La inquietud surge tras una seguidilla de polémicas y episodios de alta exposición que afectaron a figuras del oficialismo, encendiendo alarmas sobre un eventual distanciamiento respecto de la impronta disruptiva que impulsó su llegada al poder.
Números en rojo y rechazo transversal
De acuerdo con diagnósticos que manejan en el entorno presidencial, el malestar de la opinión pública no es exclusivo de la oposición, sino que alcanza de manera transversal a todos los referentes del espectro político.
Una alta fuente gubernamental sintetizó el panorama que reflejan los últimos estudios de mercado y opinión pública:
"Detectamos un rechazo generalizado a todos los dirigentes. No es casualidad que ninguno de los políticos pase los 40 o 45 puntos de imagen positiva y en imagen negativa están todos por encima del 55%. Lo que quiere decir es que estructuralmente el rechazo a la política no desapareció", argumentó el funcionario.

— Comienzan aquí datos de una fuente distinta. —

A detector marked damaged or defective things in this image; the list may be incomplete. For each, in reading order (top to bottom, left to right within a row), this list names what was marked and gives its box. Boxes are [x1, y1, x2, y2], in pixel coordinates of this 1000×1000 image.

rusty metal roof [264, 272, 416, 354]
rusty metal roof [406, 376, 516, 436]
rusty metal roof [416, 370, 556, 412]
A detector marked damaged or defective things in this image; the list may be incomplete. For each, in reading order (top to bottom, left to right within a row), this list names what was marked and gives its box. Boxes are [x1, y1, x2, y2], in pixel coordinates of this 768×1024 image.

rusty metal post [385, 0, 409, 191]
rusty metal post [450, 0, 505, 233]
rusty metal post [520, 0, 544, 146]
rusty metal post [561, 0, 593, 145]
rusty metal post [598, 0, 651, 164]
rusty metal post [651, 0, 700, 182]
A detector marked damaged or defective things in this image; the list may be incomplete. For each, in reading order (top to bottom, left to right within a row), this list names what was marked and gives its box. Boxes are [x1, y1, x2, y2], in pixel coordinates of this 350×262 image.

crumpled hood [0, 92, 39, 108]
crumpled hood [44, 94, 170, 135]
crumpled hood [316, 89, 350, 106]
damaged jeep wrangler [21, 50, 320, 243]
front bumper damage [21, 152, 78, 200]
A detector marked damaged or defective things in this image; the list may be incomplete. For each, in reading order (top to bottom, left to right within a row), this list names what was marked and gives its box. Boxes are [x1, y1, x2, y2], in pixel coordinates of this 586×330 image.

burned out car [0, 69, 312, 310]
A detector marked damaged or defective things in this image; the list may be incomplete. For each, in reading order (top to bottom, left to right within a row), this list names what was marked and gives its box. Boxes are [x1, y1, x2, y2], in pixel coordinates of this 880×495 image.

El desafío de la narrativa hacia 2027
Frente a este diagnóstico, en el Gabinete reconocen que la exigencia del electorado se mantiene alta y que el respaldo popular exige una ratificación constante.
Con el horizonte puesto en la carrera presidencial de 2027, el reto del oficialismo estará enfocado en recomponer la sintonía fina con su base electoral, reordenar la conducta de sus cuadros y evitar que el malestar hacia la dirigencia tradicional termine salpicando de forma irreversible el discurso de renovación que sostiene la gestión.